• **HOW TO COMPLETE THIS TASK**: Write the records out again in full, word for word.

------ MATERIAL FOR THE TASK ------

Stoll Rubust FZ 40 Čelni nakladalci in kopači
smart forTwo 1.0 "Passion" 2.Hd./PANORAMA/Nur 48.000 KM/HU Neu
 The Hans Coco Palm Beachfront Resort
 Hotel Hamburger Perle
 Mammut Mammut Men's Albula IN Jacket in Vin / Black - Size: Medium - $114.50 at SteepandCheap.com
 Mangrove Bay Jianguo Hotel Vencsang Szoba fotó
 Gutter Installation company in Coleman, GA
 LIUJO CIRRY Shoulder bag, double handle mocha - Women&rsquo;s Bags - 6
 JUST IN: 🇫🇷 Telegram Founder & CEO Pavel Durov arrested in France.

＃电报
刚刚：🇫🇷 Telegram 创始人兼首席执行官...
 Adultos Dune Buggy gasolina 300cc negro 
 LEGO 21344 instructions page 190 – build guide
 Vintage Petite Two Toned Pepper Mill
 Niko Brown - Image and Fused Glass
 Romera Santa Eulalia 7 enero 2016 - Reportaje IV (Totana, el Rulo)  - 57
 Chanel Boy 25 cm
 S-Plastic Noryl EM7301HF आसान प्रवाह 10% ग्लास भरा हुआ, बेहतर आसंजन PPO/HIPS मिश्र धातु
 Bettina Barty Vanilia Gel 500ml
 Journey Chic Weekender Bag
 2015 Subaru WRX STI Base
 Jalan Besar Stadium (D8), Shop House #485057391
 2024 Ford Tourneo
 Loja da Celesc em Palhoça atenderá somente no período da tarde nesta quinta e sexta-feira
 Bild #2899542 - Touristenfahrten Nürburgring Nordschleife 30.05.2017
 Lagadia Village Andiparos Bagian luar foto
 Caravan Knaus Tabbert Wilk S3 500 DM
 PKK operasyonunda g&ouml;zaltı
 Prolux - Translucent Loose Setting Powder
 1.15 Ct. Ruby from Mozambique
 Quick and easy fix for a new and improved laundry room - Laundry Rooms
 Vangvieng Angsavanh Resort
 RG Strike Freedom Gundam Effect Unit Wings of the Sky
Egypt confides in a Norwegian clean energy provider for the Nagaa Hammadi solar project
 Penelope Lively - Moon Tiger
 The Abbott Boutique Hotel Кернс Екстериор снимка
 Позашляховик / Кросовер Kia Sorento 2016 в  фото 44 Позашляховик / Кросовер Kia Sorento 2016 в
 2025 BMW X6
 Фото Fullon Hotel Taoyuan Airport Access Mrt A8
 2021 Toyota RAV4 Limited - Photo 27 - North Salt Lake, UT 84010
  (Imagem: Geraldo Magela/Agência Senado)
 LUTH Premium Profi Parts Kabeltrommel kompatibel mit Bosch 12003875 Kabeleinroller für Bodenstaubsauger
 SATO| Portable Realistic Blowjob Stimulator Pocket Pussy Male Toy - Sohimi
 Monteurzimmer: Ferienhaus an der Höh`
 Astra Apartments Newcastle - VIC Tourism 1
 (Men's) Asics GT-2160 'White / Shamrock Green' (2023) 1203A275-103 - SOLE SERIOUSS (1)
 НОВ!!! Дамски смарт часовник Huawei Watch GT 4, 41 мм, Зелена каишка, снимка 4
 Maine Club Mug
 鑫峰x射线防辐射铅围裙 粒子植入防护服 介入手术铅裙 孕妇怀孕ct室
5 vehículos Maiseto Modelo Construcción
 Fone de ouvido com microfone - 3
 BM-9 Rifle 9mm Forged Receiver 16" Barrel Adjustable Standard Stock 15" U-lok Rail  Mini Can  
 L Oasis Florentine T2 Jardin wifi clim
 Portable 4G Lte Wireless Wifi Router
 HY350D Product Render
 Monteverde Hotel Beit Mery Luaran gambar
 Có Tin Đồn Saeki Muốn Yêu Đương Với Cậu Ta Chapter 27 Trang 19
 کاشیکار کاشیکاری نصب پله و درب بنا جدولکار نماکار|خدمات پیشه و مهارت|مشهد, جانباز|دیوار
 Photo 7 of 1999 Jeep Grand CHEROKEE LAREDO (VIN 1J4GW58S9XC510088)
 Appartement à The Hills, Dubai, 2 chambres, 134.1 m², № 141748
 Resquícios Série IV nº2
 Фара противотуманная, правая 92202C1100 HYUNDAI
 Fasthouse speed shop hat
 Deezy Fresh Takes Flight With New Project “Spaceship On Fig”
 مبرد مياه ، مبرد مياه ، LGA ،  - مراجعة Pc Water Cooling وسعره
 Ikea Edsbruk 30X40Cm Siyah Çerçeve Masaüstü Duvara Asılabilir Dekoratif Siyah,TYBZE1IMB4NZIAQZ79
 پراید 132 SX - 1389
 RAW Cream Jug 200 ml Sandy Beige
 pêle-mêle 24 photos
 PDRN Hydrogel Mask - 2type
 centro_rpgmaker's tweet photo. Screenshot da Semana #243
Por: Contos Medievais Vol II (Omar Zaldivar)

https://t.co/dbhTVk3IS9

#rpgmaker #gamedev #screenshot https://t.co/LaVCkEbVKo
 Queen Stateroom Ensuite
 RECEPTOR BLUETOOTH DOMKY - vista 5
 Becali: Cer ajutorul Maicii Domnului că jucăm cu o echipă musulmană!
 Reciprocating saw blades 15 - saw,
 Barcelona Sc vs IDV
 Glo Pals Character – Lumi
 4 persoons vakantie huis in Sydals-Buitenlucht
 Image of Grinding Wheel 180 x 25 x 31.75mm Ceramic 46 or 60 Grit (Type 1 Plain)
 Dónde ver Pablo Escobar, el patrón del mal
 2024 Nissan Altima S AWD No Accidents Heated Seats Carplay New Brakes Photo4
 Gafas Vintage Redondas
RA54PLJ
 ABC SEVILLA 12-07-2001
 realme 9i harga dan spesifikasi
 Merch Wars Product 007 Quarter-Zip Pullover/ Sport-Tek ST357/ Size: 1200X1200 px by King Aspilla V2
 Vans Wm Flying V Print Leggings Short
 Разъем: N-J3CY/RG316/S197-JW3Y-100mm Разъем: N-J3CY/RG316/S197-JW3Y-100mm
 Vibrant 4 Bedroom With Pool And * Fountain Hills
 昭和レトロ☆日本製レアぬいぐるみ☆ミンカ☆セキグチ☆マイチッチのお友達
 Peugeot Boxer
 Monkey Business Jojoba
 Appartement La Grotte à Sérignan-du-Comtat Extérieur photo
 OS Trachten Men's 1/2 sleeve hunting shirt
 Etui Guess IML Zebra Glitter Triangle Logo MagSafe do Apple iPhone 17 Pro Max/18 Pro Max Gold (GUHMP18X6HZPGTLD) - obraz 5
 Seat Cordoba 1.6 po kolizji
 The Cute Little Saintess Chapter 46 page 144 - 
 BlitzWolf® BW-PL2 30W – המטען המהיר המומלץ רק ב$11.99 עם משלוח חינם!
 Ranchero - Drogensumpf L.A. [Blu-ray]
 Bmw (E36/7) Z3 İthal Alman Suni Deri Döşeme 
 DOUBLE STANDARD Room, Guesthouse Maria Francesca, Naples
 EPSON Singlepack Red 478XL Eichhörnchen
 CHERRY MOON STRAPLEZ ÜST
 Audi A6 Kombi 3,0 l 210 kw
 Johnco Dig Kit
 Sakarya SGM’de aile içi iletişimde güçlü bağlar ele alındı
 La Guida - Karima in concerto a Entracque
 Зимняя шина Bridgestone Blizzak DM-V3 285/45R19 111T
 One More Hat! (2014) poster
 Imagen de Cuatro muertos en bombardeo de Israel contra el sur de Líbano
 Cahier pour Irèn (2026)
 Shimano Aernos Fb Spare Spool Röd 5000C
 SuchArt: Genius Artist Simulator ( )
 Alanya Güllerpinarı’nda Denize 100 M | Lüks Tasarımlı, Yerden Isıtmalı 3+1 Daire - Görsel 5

------

• **ANSWER BOX**:
Stoll Rubust FZ 40 Čelni nakladalci in kopači
smart forTwo 1.0 "Passion" 2.Hd./PANORAMA/Nur 48.000 KM/HU Neu
 The Hans Coco Palm Beachfront Resort
 Hotel Hamburger Perle
 Mammut Mammut Men's Albula IN Jacket in Vin / Black - Size: Medium - $114.50 at SteepandCheap.com
 Mangrove Bay Jianguo Hotel Vencsang Szoba fotó
 Gutter Installation company in Coleman, GA
 LIUJO CIRRY Shoulder bag, double handle mocha - Women&rsquo;s Bags - 6
 JUST IN: 🇫🇷 Telegram Founder & CEO Pavel Durov arrested in France.

＃电报
刚刚：🇫🇷 Telegram 创始人兼首席执行官...
 Adultos Dune Buggy gasolina 300cc negro 
 LEGO 21344 instructions page 190 – build guide
 Vintage Petite Two Toned Pepper Mill
 Niko Brown - Image and Fused Glass
 Romera Santa Eulalia 7 enero 2016 - Reportaje IV (Totana, el Rulo)  - 57
 Chanel Boy 25 cm
 S-Plastic Noryl EM7301HF आसान प्रवाह 10% ग्लास भरा हुआ, बेहतर आसंजन PPO/HIPS मिश्र धातु
 Bettina Barty Vanilia Gel 500ml
 Journey Chic Weekender Bag
 2015 Subaru WRX STI Base
 Jalan Besar Stadium (D8), Shop House #485057391
 2024 Ford Tourneo
 Loja da Celesc em Palhoça atenderá somente no período da tarde nesta quinta e sexta-feira
 Bild #2899542 - Touristenfahrten Nürburgring Nordschleife 30.05.2017
 Lagadia Village Andiparos Bagian luar foto
 Caravan Knaus Tabbert Wilk S3 500 DM
 PKK operasyonunda g&ouml;zaltı
 Prolux - Translucent Loose Setting Powder
 1.15 Ct. Ruby from Mozambique
 Quick and easy fix for a new and improved laundry room - Laundry Rooms
 Vangvieng Angsavanh Resort
 RG Strike Freedom Gundam Effect Unit Wings of the Sky
Egypt confides in a Norwegian clean energy provider for the Nagaa Hammadi solar project
 Penelope Lively - Moon Tiger
 The Abbott Boutique Hotel Кернс Екстериор снимка
 Позашляховик / Кросовер Kia Sorento 2016 в  фото 44 Позашляховик / Кросовер Kia Sorento 2016 в
 2025 BMW X6
 Фото Fullon Hotel Taoyuan Airport Access Mrt A8
 2021 Toyota RAV4 Limited - Photo 27 - North Salt Lake, UT 84010
  (Imagem: Geraldo Magela/Agência Senado)
 LUTH Premium Profi Parts Kabeltrommel kompatibel mit Bosch 12003875 Kabeleinroller für Bodenstaubsauger
 SATO| Portable Realistic Blowjob Stimulator Pocket Pussy Male Toy - Sohimi
 Monteurzimmer: Ferienhaus an der Höh`
 Astra Apartments Newcastle - VIC Tourism 1
 (Men's) Asics GT-2160 'White / Shamrock Green' (2023) 1203A275-103 - SOLE SERIOUSS (1)
 НОВ!!! Дамски смарт часовник Huawei Watch GT 4, 41 мм, Зелена каишка, снимка 4
 Maine Club Mug
 鑫峰x射线防辐射铅围裙 粒子植入防护服 介入手术铅裙 孕妇怀孕ct室
5 vehículos Maiseto Modelo Construcción
 Fone de ouvido com microfone - 3
 BM-9 Rifle 9mm Forged Receiver 16" Barrel Adjustable Standard Stock 15" U-lok Rail  Mini Can  
 L Oasis Florentine T2 Jardin wifi clim
 Portable 4G Lte Wireless Wifi Router
 HY350D Product Render
 Monteverde Hotel Beit Mery Luaran gambar
 Có Tin Đồn Saeki Muốn Yêu Đương Với Cậu Ta Chapter 27 Trang 19
 کاشیکار کاشیکاری نصب پله و درب بنا جدولکار نماکار|خدمات پیشه و مهارت|مشهد, جانباز|دیوار
 Photo 7 of 1999 Jeep Grand CHEROKEE LAREDO (VIN 1J4GW58S9XC510088)
 Appartement à The Hills, Dubai, 2 chambres, 134.1 m², № 141748
 Resquícios Série IV nº2
 Фара противотуманная, правая 92202C1100 HYUNDAI
 Fasthouse speed shop hat
 Deezy Fresh Takes Flight With New Project “Spaceship On Fig”
 مبرد مياه ، مبرد مياه ، LGA ،  - مراجعة Pc Water Cooling وسعره
 Ikea Edsbruk 30X40Cm Siyah Çerçeve Masaüstü Duvara Asılabilir Dekoratif Siyah,TYBZE1IMB4NZIAQZ79
 پراید 132 SX - 1389
 RAW Cream Jug 200 ml Sandy Beige
 pêle-mêle 24 photos
 PDRN Hydrogel Mask - 2type
 centro_rpgmaker's tweet photo. Screenshot da Semana #243
Por: Contos Medievais Vol II (Omar Zaldivar)

https://t.co/dbhTVk3IS9

#rpgmaker #gamedev #screenshot https://t.co/LaVCkEbVKo
 Queen Stateroom Ensuite
 RECEPTOR BLUETOOTH DOMKY - vista 5
 Becali: Cer ajutorul Maicii Domnului că jucăm cu o echipă musulmană!
 Reciprocating saw blades 15 - saw,
 Barcelona Sc vs IDV
 Glo Pals Character – Lumi
 4 persoons vakantie huis in Sydals-Buitenlucht
 Image of Grinding Wheel 180 x 25 x 31.75mm Ceramic 46 or 60 Grit (Type 1 Plain)
 Dónde ver Pablo Escobar, el patrón del mal
 2024 Nissan Altima S AWD No Accidents Heated Seats Carplay New Brakes Photo4
 Gafas Vintage Redondas
RA54PLJ
 ABC SEVILLA 12-07-2001
 realme 9i harga dan spesifikasi
 Merch Wars Product 007 Quarter-Zip Pullover/ Sport-Tek ST357/ Size: 1200X1200 px by King Aspilla V2
 Vans Wm Flying V Print Leggings Short
 Разъем: N-J3CY/RG316/S197-JW3Y-100mm Разъем: N-J3CY/RG316/S197-JW3Y-100mm
 Vibrant 4 Bedroom With Pool And * Fountain Hills
 昭和レトロ☆日本製レアぬいぐるみ☆ミンカ☆セキグチ☆マイチッチのお友達
 Peugeot Boxer
 Monkey Business Jojoba
 Appartement La Grotte à Sérignan-du-Comtat Extérieur photo
 OS Trachten Men's 1/2 sleeve hunting shirt
 Etui Guess IML Zebra Glitter Triangle Logo MagSafe do Apple iPhone 17 Pro Max/18 Pro Max Gold (GUHMP18X6HZPGTLD) - obraz 5
 Seat Cordoba 1.6 po kolizji
 The Cute Little Saintess Chapter 46 page 144 - 
 BlitzWolf® BW-PL2 30W – המטען המהיר המומלץ רק ב$11.99 עם משלוח חינם!
 Ranchero - Drogensumpf L.A. [Blu-ray]
 Bmw (E36/7) Z3 İthal Alman Suni Deri Döşeme 
 DOUBLE STANDARD Room, Guesthouse Maria Francesca, Naples
 EPSON Singlepack Red 478XL Eichhörnchen
 CHERRY MOON STRAPLEZ ÜST
 Audi A6 Kombi 3,0 l 210 kw
 Johnco Dig Kit
 Sakarya SGM’de aile içi iletişimde güçlü bağlar ele alındı
 La Guida - Karima in concerto a Entracque
 Зимняя шина Bridgestone Blizzak DM-V3 285/45R19 111T
 One More Hat! (2014) poster
 Imagen de Cuatro muertos en bombardeo de Israel contra el sur de Líbano
 Cahier pour Irèn (2026)
 Shimano Aernos Fb Spare Spool Röd 5000C
 SuchArt: Genius Artist Simulator ( )
 Alanya Güllerpinarı’nda Denize 100 M | Lüks Tasarımlı, Yerden Isıtmalı 3+1 Daire - Görsel 5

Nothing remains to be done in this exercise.